Everything from the line containing "Sequencing Grade Modified" through the line containing "No Girlfriend No" should be repeated exactly, and nothing else from the data.

** Opening DATA EXTRACTS block **

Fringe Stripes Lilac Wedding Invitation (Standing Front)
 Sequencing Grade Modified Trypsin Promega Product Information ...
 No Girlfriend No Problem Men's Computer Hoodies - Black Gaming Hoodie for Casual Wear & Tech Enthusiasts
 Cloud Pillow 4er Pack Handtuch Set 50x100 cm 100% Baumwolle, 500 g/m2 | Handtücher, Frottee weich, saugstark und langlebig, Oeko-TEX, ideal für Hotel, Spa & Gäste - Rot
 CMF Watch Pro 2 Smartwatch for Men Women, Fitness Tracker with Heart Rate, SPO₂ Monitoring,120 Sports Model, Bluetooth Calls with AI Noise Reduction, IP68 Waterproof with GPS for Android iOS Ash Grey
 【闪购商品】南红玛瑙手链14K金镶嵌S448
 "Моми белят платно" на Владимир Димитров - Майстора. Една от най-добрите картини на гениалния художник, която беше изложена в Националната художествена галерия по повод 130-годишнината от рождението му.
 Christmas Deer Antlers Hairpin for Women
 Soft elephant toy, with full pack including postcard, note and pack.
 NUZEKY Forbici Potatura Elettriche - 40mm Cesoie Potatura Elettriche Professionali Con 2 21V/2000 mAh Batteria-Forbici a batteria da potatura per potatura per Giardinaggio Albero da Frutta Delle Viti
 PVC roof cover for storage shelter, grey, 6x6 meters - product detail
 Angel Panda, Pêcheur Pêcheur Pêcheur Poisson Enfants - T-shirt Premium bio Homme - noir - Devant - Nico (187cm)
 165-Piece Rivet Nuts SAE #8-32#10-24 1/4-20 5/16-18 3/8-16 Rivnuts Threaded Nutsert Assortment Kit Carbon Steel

** Closing DATA EXTRACTS block **

EXERCISE OUTPUT:
 Sequencing Grade Modified Trypsin Promega Product Information ...
 No Girlfriend No Problem Men's Computer Hoodies - Black Gaming Hoodie for Casual Wear & Tech Enthusiasts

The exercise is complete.